Geologic Summary of the Bridger Formation

   


A geologic formation is a body of rock that consists of a certain rock type or combination of types derived from related depositional events and environments in both time and space. The Bridger Formation is an approximately 842 m thick sequence of green, tan, brown and bluish-gray mudstone and claystone beds, ribbon and sheet sandstones, resistant bench-forming limestones, and thin but widespread ash-fall tuff beds. The sediments from which these rocks were formed accumulated in the Green River Basin as the result of related depositional events during an approximately 3.5 million year long interval during the middle Eocene.


View looking northwest at exposures of the Bridger Formation (subdivisions lower and middle C) north of Sage Creek Mountain in Uinta County, Wyoming. The widespread bench at the horizon is supported by the Sage Creek limestone, which forms the base of Bridger Formation subdivision lower C.

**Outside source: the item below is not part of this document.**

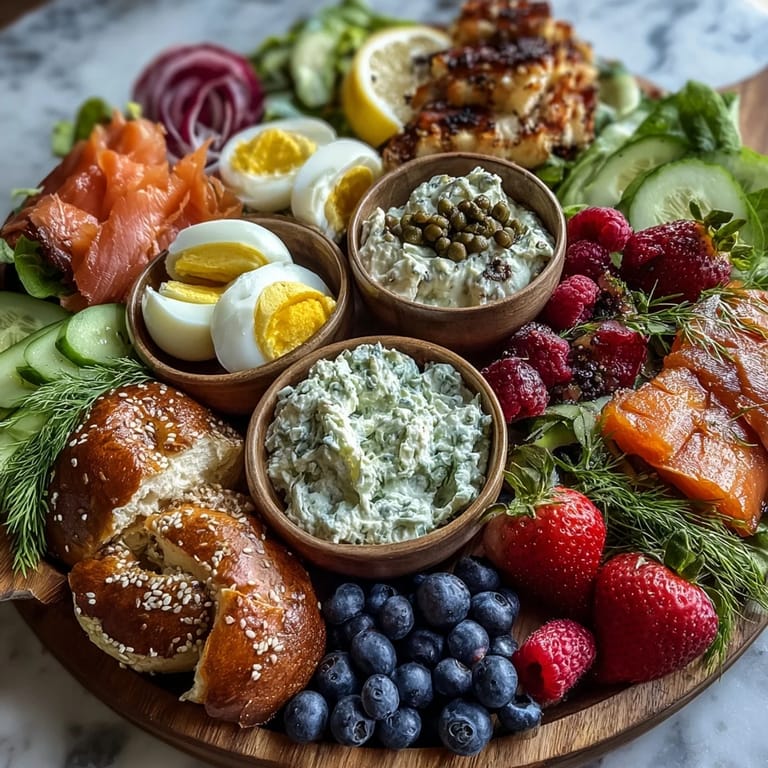 Artfully arranged Galentines brunch board featuring sliced bagels, silky smoked salmon, and vibrant berries for sharing.
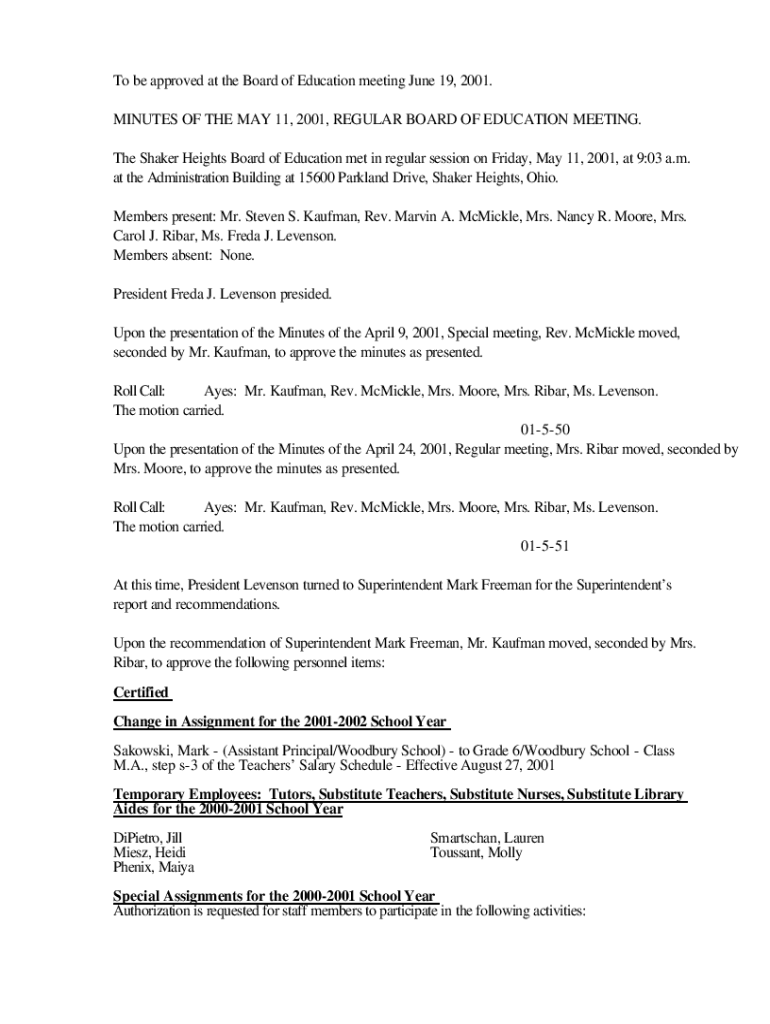 The Shaker Heights Board of Education met in regular session on Friday, May 11, 2001, at 9:03 a Preview on Page 1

Anterior view of a carapace of the fossil tortoise Hadrianus weathering out of a sandstone overhang at the base of a stream channel deposit in the Bridger Formation (subdivision upper C) on Black Mountain, Sweetwater County, Wyoming.

Bridger Formation claystone, mudstone and sandstone lithologies are composed mostly of fragments of volcanic debris that were washed into the basin in rivers and deposited in river channels and on floodplains. Source volcanoes were located in the Absaroka volcanic field in northwestern Wyoming and further to the west in what is now Idaho and possibly sources further to the west. Bridger Formation limestone deposits were formed largely as a bi-product of algal photosynthesis which took place in lakes and ponds, forming tiny grains of lime, or marl. These lakes and ponds expanded and retreated over time, washing over floodplains and mixing aquatic and terrestrial sediments. Bridger marlstone and limestone beds preserve the fossilized remains of many of the animals which lived in and around ancient Bridger lakes and ponds.

Ash-fall tuff deposits were formed by volcanic ash which was blown into the atmosphere by erupting volcanoes, and then settled onto the landscape as a thin blanket often hundreds of miles away from the source volcano. Ash-fall tuffs are particularly important rocks because they contain radioactive minerals that can be dated. The dating method measures the ratio of the parent isotope, 40Argon, to a daughter isotope, 39Argon. This ratio is then compared with a ratio from a sample of a known age, and an age for the sample of unknown age is then calculated.


View looking east from Sage Creek Mountain in Uinta County, Wyoming at colorful exposures of the Bridger Formation (subdivisions C and D) north of Cedar Mountain in Sweetwater County, Wyoming. Cedar Mountain, which forms the horizon, is capped by the northward-dipping Oligocene-age Bishop Conglomerate, which was derived from the Uinta Monutains to the south.